Nothing but the lines from the one with "RITTER SPORT 水果口味雙拼裝 218 公克" through the end of the records may appear in the answer, each reproduced exactly, pictures omitted.
※ ※ ※
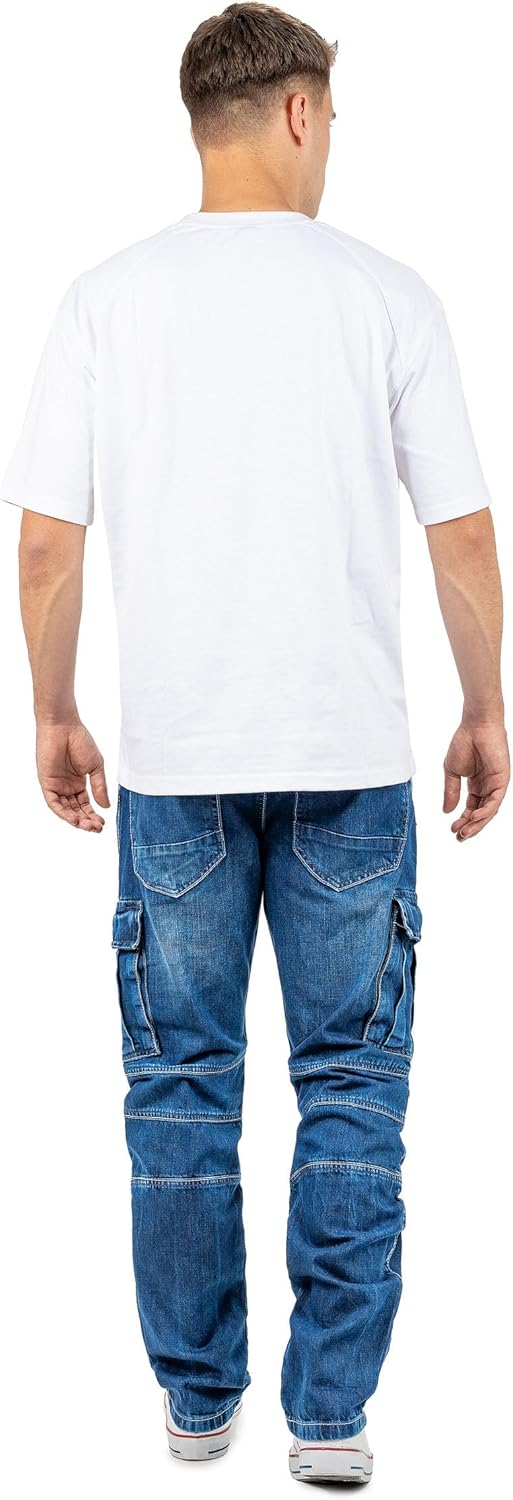 Cipo & Baxx Herren Jeans CD798-bans Blau W30/L32 30W / 32L Blau - 11, 30W / 32L Blau - 11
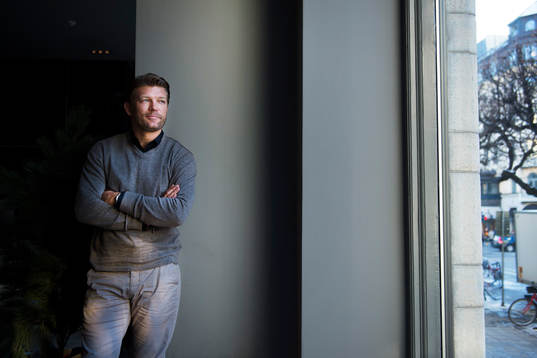 Svenska Fotbollförbundets player manager Marcus Allbäck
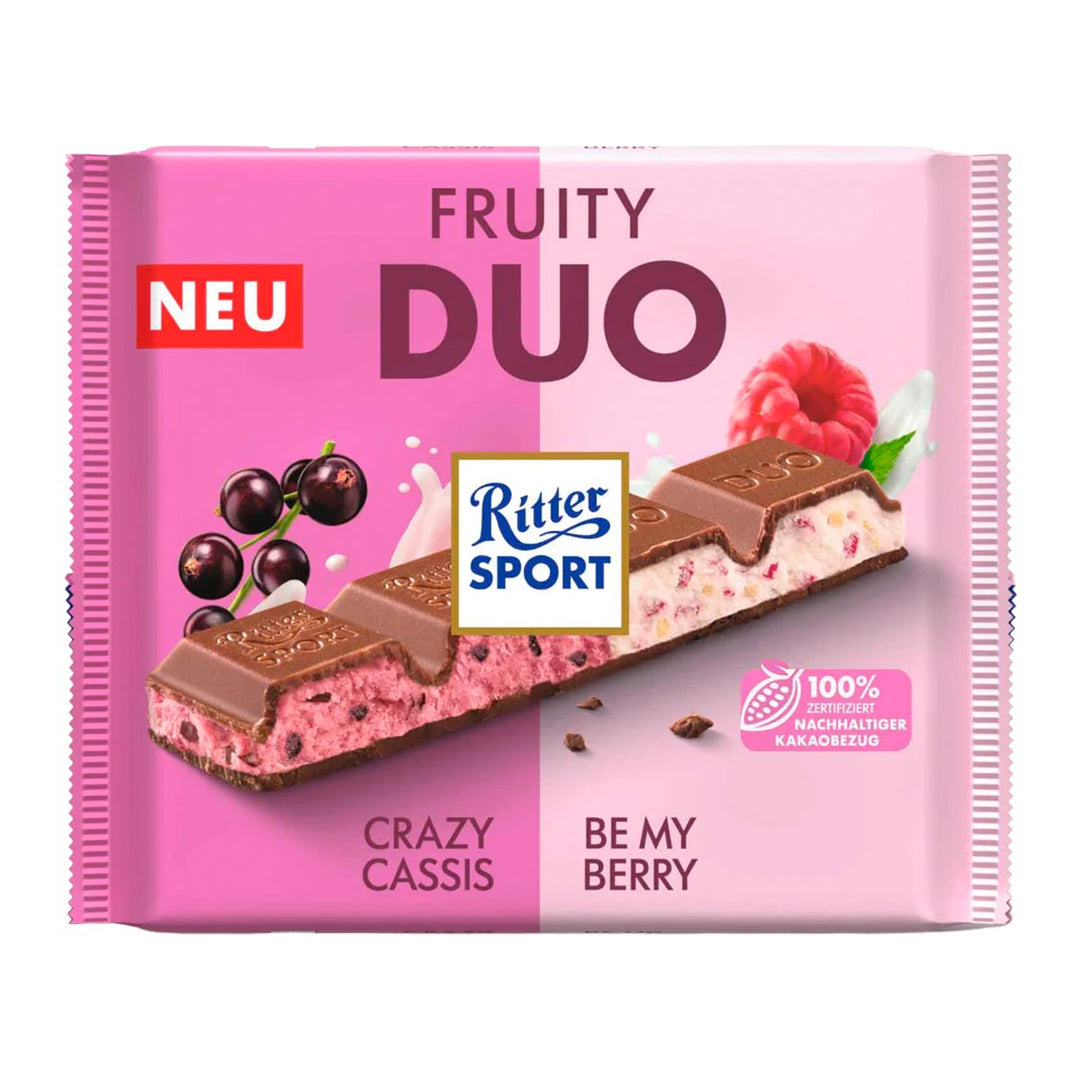RITTER SPORT 水果口味雙拼裝 218 公克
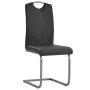 Cantilever dining chairs 4 units gray synthetic leather by vidaXL, dining chairs - Ref: Foro24-246192, Price: 226,63 €, Disco...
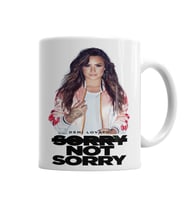 Demi Lovato  Sorry Not Sorry Kupa Bardak Porselen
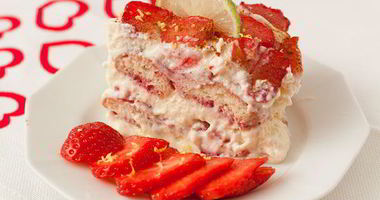 Рецепт Тирамису с клубникой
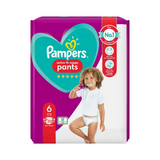 Pampers Active Fit Nappy Pants Size 6 (15+ Kg/33 Lb), 22 Nappies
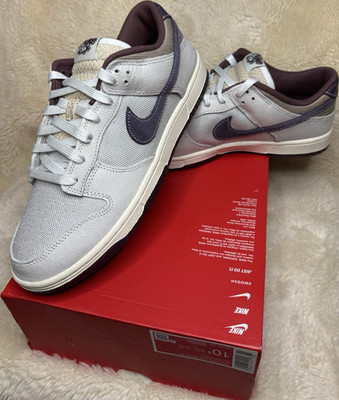 Nike Dunk Low Retro SE Off White Dark Raisin Men size 10.5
※ ※ ※
__Output for this exercise__:
RITTER SPORT 水果口味雙拼裝 218 公克
 Cantilever dining chairs 4 units gray synthetic leather by vidaXL, dining chairs - Ref: Foro24-246192, Price: 226,63 €, Disco...
 Demi Lovato  Sorry Not Sorry Kupa Bardak Porselen
 Рецепт Тирамису с клубникой
 Pampers Active Fit Nappy Pants Size 6 (15+ Kg/33 Lb), 22 Nappies
 Nike Dunk Low Retro SE Off White Dark Raisin Men size 10.5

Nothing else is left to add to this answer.